Exercise objective —
The whole listing, pictures aside, should be reproduced exactly.

Information provided —
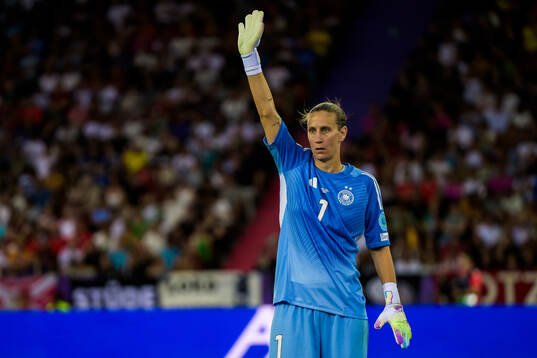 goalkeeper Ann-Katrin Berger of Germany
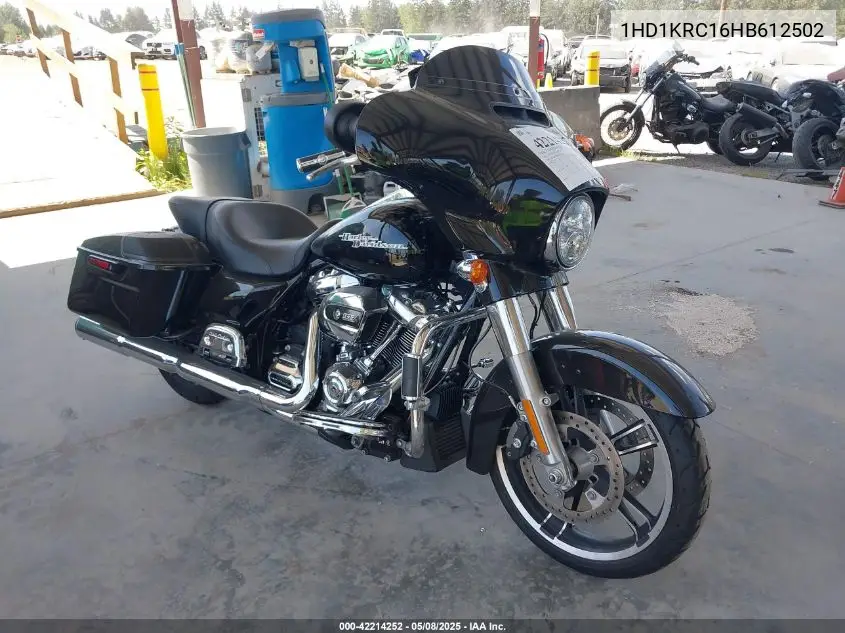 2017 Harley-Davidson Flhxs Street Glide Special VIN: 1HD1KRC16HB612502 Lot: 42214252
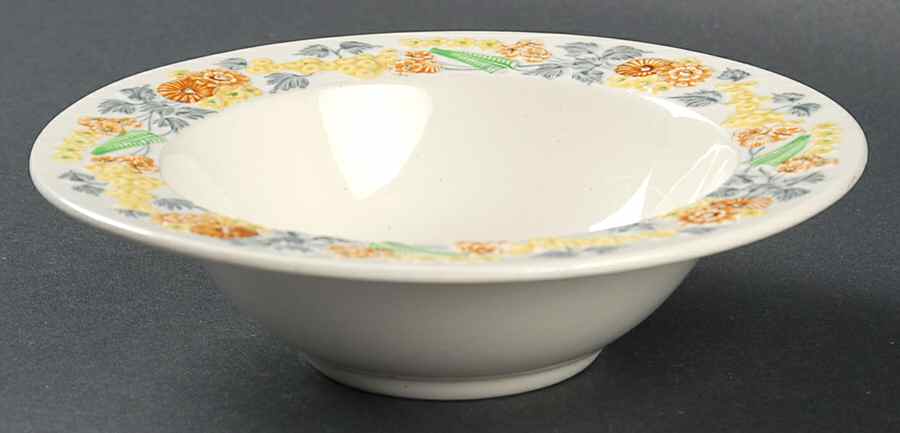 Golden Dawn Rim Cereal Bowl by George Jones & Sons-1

Written solution —
 goalkeeper Ann-Katrin Berger of Germany
 2017 Harley-Davidson Flhxs Street Glide Special VIN: 1HD1KRC16HB612502 Lot: 42214252
 Golden Dawn Rim Cereal Bowl by George Jones & Sons-1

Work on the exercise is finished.